Because mining and refining nickel is costly, researchers have developed an alternative method for extracting nickel using Streptanthus polygaloides, a plant that absorbs and stores nickel from the soil as it grows. The researchers incinerated a crop of Streptanthus they grew in nickel-rich soil. By chemically extracting nickel from the ash, they produced 100 pounds of nickel per acre of land at a total cost per pound slightly above that of current mining.
Which of the following, if true, most strongly supports the conclusion that the use of Streptanthus to extract nickel will be commercially adopted?
The season in which the researchers grew Streptanthus was an unusually favorable one, with the right amount of precipitation to maximize the growth rate of Streptanthus.
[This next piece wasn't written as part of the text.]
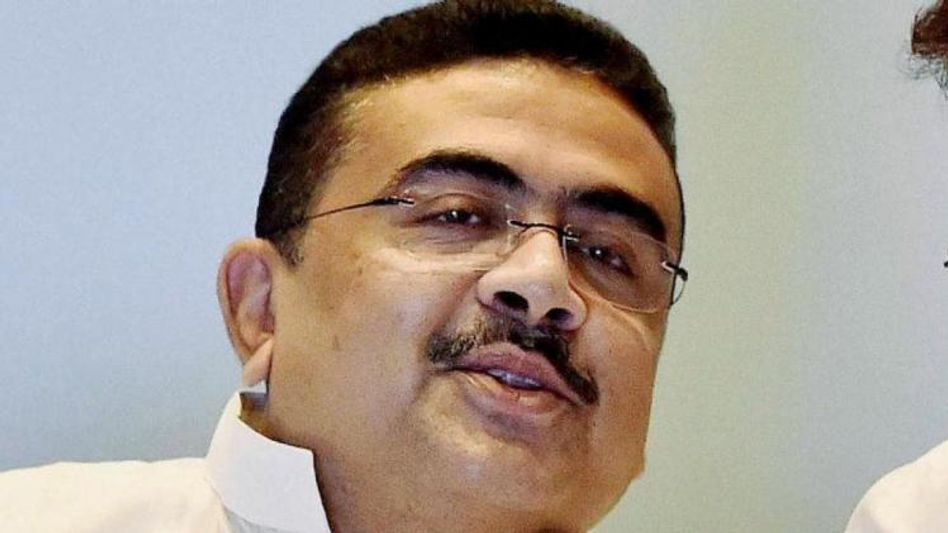 ভবানীপুরে জিতলে রাজ্যের বিরোধী দলনেত্রী প্রিয়াঙ্কা? শুভেন্দুর ইঙ্গিতপূর্ণ মন্তব্য ভবানীপুরে জিতলে রাজ্যের বিরোধী দলনেত্রী প্রিয়াঙ্কা? শুভেন্দুর ইঙ্গিতপূর্ণ মন্তব্য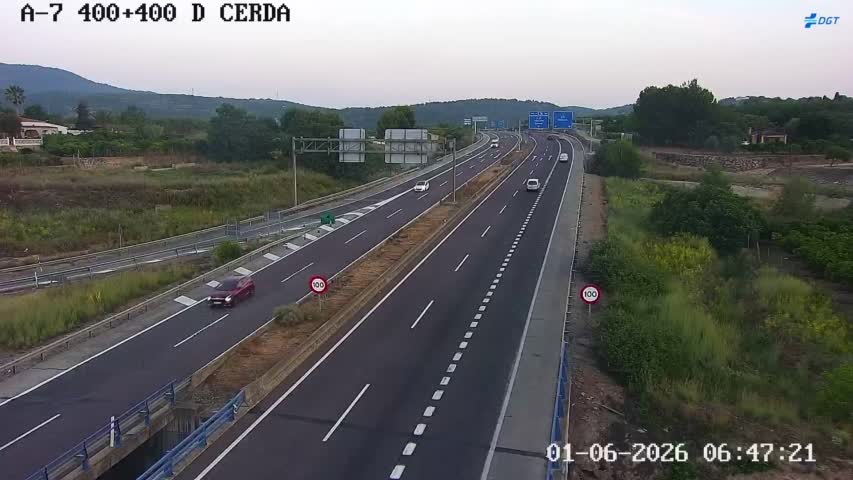 Valencia/València — A-7 km 400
Because lowering the concentration of nickel in the soil can make land much better for agriculture in general, a plot on which Streptanthus has been grown and harvested can be sold for substantially more than it cost.
More air pollution is generated for each pound of nickel produced by extracting it from Streptanthus than is generated using conventional mining and refining.
The land on which the researchers planted Streptanthus was unusually free of the various weeds that can compete with Streptanthus for water, nutrients, and sunlight.
It is extremely rare for soil to contain higher concentrations of nickel than the concentrations present in the researchers' experimental plot.